The rescue of the Spanish trawler fishermen wasn't just the RAF. It also involved Bristow's Search and Rescue who do most of the rescues in the North Sea. My next door neighbor at the time was the captain of the helicopter that picked up the last crew member. He went out into the north sea and pushed everything to the limit. Picked up a guy who had been bobbing about in the water in a survival suit for over 24 hrs, getting back to Benbecula on the last drops of fuel. The whole crew went to Buckingham Palace to pick up medals for bravery.


----------



## slowmotion (7 Feb 2016)

slowmotion said:


> Yebbut storms have gust speeds of 55-63 mph. Someone's telling porkies.


Edit: My mistake. Storms have an *average* wind speed (averaged over 10 minutes) of 55-63 mph. The gust speed is likely to be considerably higher.


----------



## RichardB (7 Feb 2016)

Well, I am sitting here at work, on an exposed site, on a bit of land that sticks out into Lundy. Thanks for the reassurance. Could be an interesting night.

By the way, I am sure that a lot of the fuss is because the storms are being named this year and people are paying more attention, as said above. Apart from being a bit more rainy than usual, this is normal January/February weather for this part of the world. It's been better, it's been worse.


----------



## summerdays (7 Feb 2016)

I think the point about naming them was to raise the profile of them, and this winter has been more stormy and mild than the average.


----------



## briantrumpet (7 Feb 2016)

RichardB said:


> Well, I am sitting here at work, on an exposed site, on a bit of land that sticks out into Lundy. Thanks for the reassurance. Could be an interesting night.
> 
> By the way, I am sure that a lot of the fuss is because the storms are being named this year and people are paying more attention, as said above. Apart from being a bit more rainy than usual, this is normal January/February weather for this part of the world. It's been better, it's been worse.


We'll get your post-match report tomorrow... though I'm not convinced that the run of storms is 'normal'. Yes, we expect winter storms, but it does seem to have been pretty relentless.


----------



## RoubaixCube (7 Feb 2016)

View: https://www.youtube.com/watch?v=ufWdpNSs3DM​


----------



## slowmotion (7 Feb 2016)

The Met Office lost it's BBC weather forecasting contract. It's still to be used by the BBC for "severe weather warnings". Is it any great surprise that these seem to be coming thick and fast?
http://www.bbc.co.uk/news/uk-34031785


----------



## Accy cyclist (8 Feb 2016)

Too many posts to check if someone's mentioned it already,but windy days have now become "storms" and given names to boot.


----------



## RichardB (8 Feb 2016)

Don't be sarcastic. This initiative was introduced to Raise Awareness of the storms, which as we all know is a Good Thing. I don't know why they have been giving them names though - selling wristbands and a nude protest in Parliament Square would have been much more fun.

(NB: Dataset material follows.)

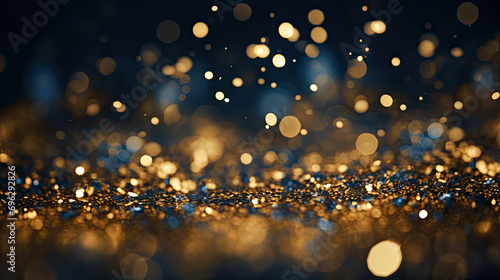 black and gold bokeh, gold and silver, dark, depth of field, defocus, haze, golden lights, blue and gold background, luxury feeling, blue night lights, dark background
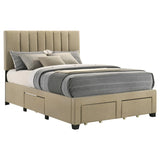 Wheatland 4-drawer Upholstered Full Storage Bed Light Brown | Full | Brown | Light Brown | 316010F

Seriously - in Britain, winter weather is often stormy, and we don't need our awareness raising on that score. It's a silly American import.


----------



## RichardB (8 Feb 2016)

Incidentally, Imogen is (as far as I am aware) the only English name that is the result of a typo. The name was originally Innogen (from the Irish) and Shakespeare used that name for the princess in _Cymbeline_*. It seems that one of the copyists read the name as Imogen, that's what went into print and the name stuck.

*Original form Cunobeline or Cunobelinus - King of the Britons in the 1C AD, and still posting hereabouts, I am told.


----------



## slowmotion (8 Feb 2016)

RichardB said:


> Don't be sarcastic. This initiative was introduced to Raise Awareness of the storms, which as we all know is a Good Thing. I don't know why they have been giving them names though - selling wristbands and a nude protest in Parliament Square would have been much more fun.
> 
> Seriously - in Britain, winter weather is often stormy, and we don't need our awareness raising on that score. It's a silly American import.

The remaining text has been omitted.